Biden müttefiki birçok ülke ile çoktan görüştüğü halde göreve geldiği 65 gün boyunca Erdoğan ile temas kurmayıp mesafeli davranmayı seçmişti. Hatta diplomatik olarak mesafeli olduğu Rusya, Çin, Suudi Arabistan gibi ülkelerin liderleri ile bile çoktan telefon görüşmesi gerçekleştirmişti.
Geçtiğimiz haftalarda, Foreign Policy isimli Washington D.C. merkezli haber sitesinde yayınlanan bir makalede iki liderin halen gerçekleşmeyen telefon görüşmesi ele alınmış, esen soğuk rüzgarlara vurgu yapılmıştı. Makalede mesafenin temel nedeni olarak S-400 meselesi ve Suriye hakkındaki görüş ayrılıkları gösterilmişti. Joe Biden’ın Erdoğan’a yönelik sessiz tavrının bilinçli bir diplomasinin eseri olduğundan bahsedilmişti.
Aynı makalede, ABD Temsilciler Meclisi Dış İlişkiler Komitesi üyesi Abigail Spanberger’ın, Türkiye’ye eskisi kadar güven duymadıklarına dair açıklamalarına da yer verilmişti.
Geçtiğimiz günlerde Beyaz Saray’da gerçekleştirilen bir basın toplantısında da Türkiye ve ABD liderlerinin henüz görüşmemiş olmalarına değinilmiş, Beyaz Saray Sözcüsü tarafından “Bir noktada Biden, Erdoğan ile görüşecektir.” şeklinde ucu açık bir cevap verilmişti.
Beyaz Saray’dan Türkiye hakkında yapılan son açıklama, Erdoğan’ın bir cumhurbaşkanlığı kararnamesi ile Kadınlara Yönelik Şiddet ve Aile İçi Şiddetin Önlenmesi ve Bunlarla Mücadeleye İlişkin Avrupa Konseyi Sözleşmesi, bilinen ismi ile İstanbul Sözleşmesi’ni fesh etmesi sonrası gerçekleşmişti. ABD’nin konu ile ilgili resmi yazılı açıklamasında, “Türkiye’nin İstanbul Sözleşmesi’nden ani ve nedensiz yere ayrılması derin hayal kırıklığıdır.” denilmişti. Türkiye tarafından atılan adımın kadınlara yönelik şiddetin küresel ölçekte son bulmasına yönelik uluslararası hareket için cesaret kırıcı bir geri adım olduğu belirtilmişti. Joe Biden, dünyanın her neresinde gerçekleşirse gerçekleşsin, cinsiyet temelli şiddete herkesin karşı durması gerektiğini ifade edip, bu tip durumların herkesi yaraladığını ve kadınların şiddete uğramadıkları toplumlar yaratmak için daha fazlasının yapılması gerektiğini anlatmıştı.

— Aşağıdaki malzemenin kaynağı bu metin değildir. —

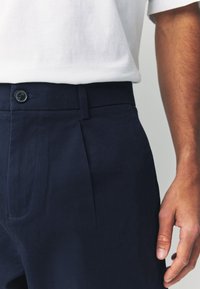 Granatowe spodnie o eleganckim kroju, z zapięciem na guzik, przednimi zakładkami i gładką fakturą tkaniny. Częściowo widoczna ręka z boku.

Aynı açıklamada, İstanbul Sözleşmesi’nin ilk imzacısı olan Türkiye’de ev içi şiddet vakalarında ve kadın cinayetlerinde artıştan duyulan kaygı dile getirilerek, ülkelerin kadına karşı şiddete son vermek hedefiyle çalışmaya devam etmeleri gerekirken; kadınları korumayı ve şiddete başvuranlara hesap sormayı hedefleyen uluslararası sözleşmelerden çekilmelerinin yanlış olduğu vurgulandı.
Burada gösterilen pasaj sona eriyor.